2. How hard is it to turn a profit?

Perhaps we find that our business has a great profit-to-investment ratio. Excellent, but don’t stop there. How hard is it to turn that profit? And how long will it take?

I’ve seen enough franchise models to know that some just make money fairly easily. Others might do well eventually, but it isn’t going to be easy and it can take a long time.

There are typically three problems in franchise models:

  1. The business ramps up too slowly and it takes a long time to get to the point of a healthy return on your investment in time and money.
  2. The business relies on you getting out there to do door-to-door sales. That is fine if you like it and are good at it. But if you aren’t naturally wired for sales, or your franchisees are not, it will make growing your business a lot more difficult.
  3. There is too much competition in your sector and not enough differentiation of your brand to cut through the clutter in the market. We often see this when a company has been in business for many years. Their original business is successful. It hasn’t had to fight for customers because it has been around so long and is a trusted brand in its local market. But franchising into new markets may not work for it.
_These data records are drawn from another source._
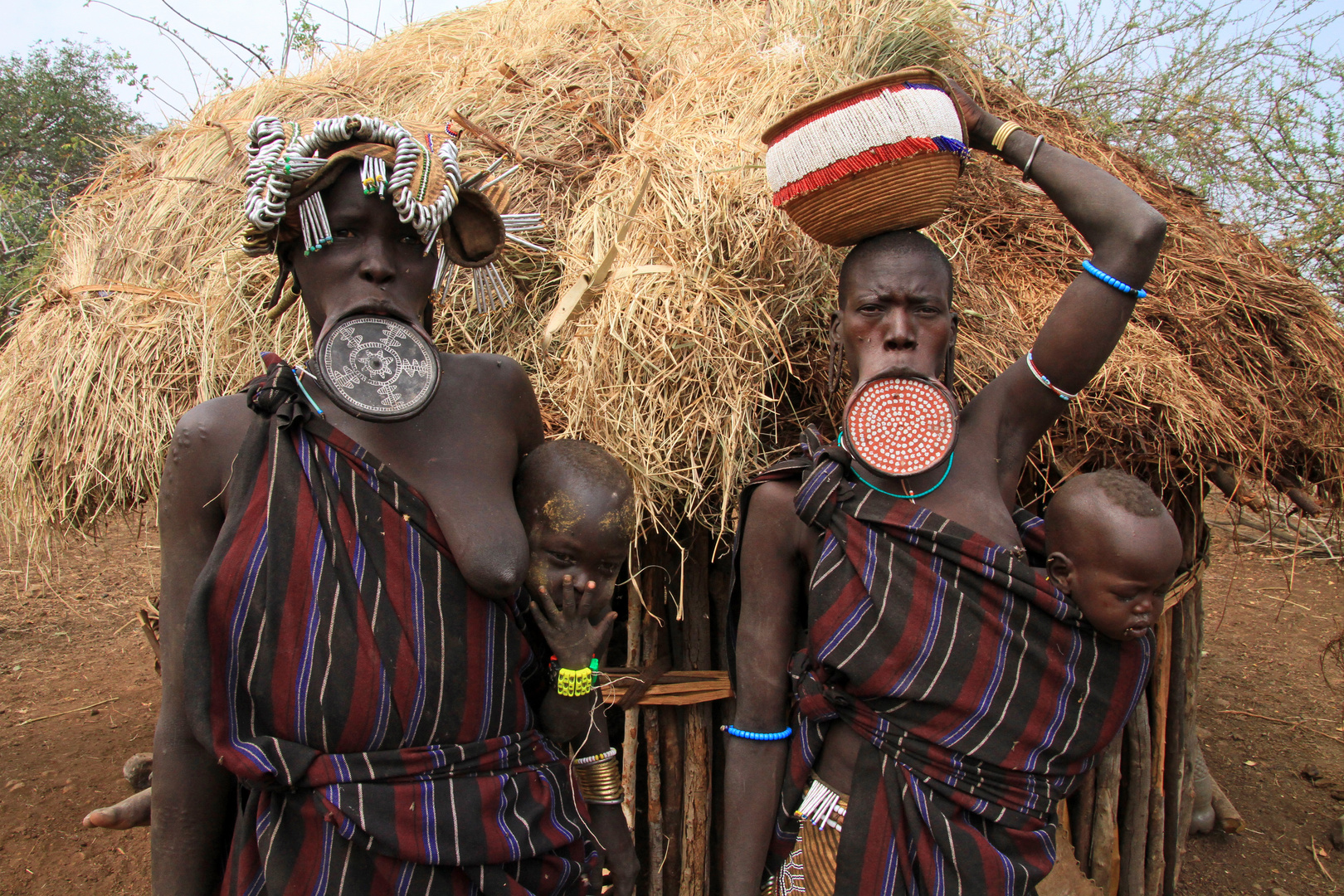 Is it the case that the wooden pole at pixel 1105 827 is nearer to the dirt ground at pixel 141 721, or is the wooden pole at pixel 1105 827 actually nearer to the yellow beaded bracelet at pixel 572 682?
the dirt ground at pixel 141 721

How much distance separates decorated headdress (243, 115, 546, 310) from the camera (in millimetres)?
1444

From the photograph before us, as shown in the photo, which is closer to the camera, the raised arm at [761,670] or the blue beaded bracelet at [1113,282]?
the blue beaded bracelet at [1113,282]

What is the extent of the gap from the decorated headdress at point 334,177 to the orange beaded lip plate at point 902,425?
868mm

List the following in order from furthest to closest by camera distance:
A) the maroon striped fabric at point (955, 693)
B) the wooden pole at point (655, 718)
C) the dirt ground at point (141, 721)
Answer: the dirt ground at point (141, 721)
the wooden pole at point (655, 718)
the maroon striped fabric at point (955, 693)

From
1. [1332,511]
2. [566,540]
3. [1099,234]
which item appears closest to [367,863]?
[566,540]

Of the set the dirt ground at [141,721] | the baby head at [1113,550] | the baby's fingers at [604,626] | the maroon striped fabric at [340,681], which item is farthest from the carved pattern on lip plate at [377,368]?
the dirt ground at [141,721]

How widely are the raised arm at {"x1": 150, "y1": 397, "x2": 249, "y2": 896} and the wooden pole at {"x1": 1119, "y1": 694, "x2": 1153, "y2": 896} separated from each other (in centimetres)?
271

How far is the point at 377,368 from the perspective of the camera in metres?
1.38

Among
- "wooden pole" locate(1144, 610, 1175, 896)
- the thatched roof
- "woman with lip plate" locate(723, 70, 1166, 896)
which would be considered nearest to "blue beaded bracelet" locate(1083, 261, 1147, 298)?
"woman with lip plate" locate(723, 70, 1166, 896)

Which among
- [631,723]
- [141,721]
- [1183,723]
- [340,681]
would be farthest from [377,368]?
[141,721]

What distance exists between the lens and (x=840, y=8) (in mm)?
2504

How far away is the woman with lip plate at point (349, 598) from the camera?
136 centimetres

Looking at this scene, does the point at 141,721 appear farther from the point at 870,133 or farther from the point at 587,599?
the point at 870,133

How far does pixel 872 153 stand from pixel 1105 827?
2.36 meters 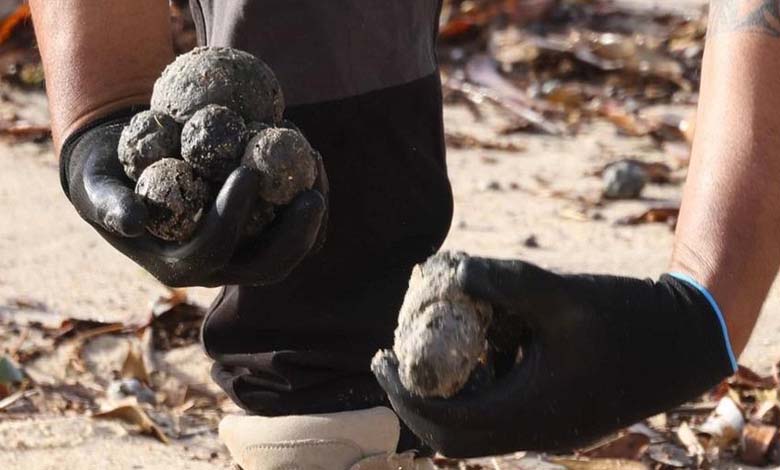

3. Does your company’s success rely on you?

Many businesses owe their success to the charisma and sheer entrepreneurial force of the founder. And let’s just admit it — founders and franchisees are different beasts! Founders are trailblazing entrepreneurs. The outstanding ones are resourceful enough to be successful at almost anything they do. Franchisees are not typically classic entrepreneurs. They buy a franchise because someone else has blazed the path before them and they can piggyback off of that success with fewer risks. It is amazing how many founders we meet trying to launch a franchise system who say, I don’t need marketing systems, we succeeded without doing any marketing. This is almost always a warning sign that things are going to go badly for that company’s franchisees. A founder’s personality, drive and long-term standing in her local market are not going to help her franchisee open in a brand-new market. Your franchisees need to buy into a proven marketing system to acquire and keep customers. They aren’t buying your personality, drive and connections.

4. Does your concept have a secret sauce?

Just because you have been successful in your local market, doesn’t mean this will translate to success elsewhere. Success in your local market can be due to many reasons: your charisma and personality, a lack of competition locally and your network. Many times I have witnessed founders — who have worked in an industry locally for many years leveraging their contacts — be surprised when their franchisees — who have zero relationships in the industry — are not successful.

To ensure franchising success, your product or service needs to have a secret sauce: a highly differentiating factor that makes customers want to buy it. Perhaps your concept is the first of its kind. Or your fried chicken recipe has a unique and special blend of spices. Or your cleaning company’s brand promise and guarantee to your customer is simply unmatched by competitors. Before even considering franchising, you need to spend time developing and operationalizing your secret sauce.

We recently helped launch a franchise system of a company that helps women strengthen their pelvic floors to prevent bladder leaks after giving birth and as they age. The business has been wildly successful right from the start because they are a unique, first-of-type concept. And, they are world-class at showcasing their product and why women need it. They have a secret sauce.

If you do have a secret sauce, then you must systematize it. It must be repeatable by people other than yourself, and this is easier said than done.

5. Have you invested in your brand?

I find that very few new franchisors have sophisticated brands. You might have spent years building a great local business, but your brand may be plain, outdated or boring. As I say to all new franchisors I work with, you may only have one location, but to sell franchises, you better look like you have one hundred.

How do you do this? You need to invest in making sure your brand is unique in the way it looks, sounds and in the way you deliver your product or service. It also helps if your brand’s logo and colors are visually beautiful or striking.

These are not the only factors that you will need to build a great franchising system, but in my experience, they are the top five. Franchising is an amazing way for an entrepreneur to scale his or her impact across the country. And build a powerful brand that is a force in their industry. But make sure you have these five factors in place first. If so, the probability of your success will be far higher than the average new franchise system that fails to grow beyond 10 units.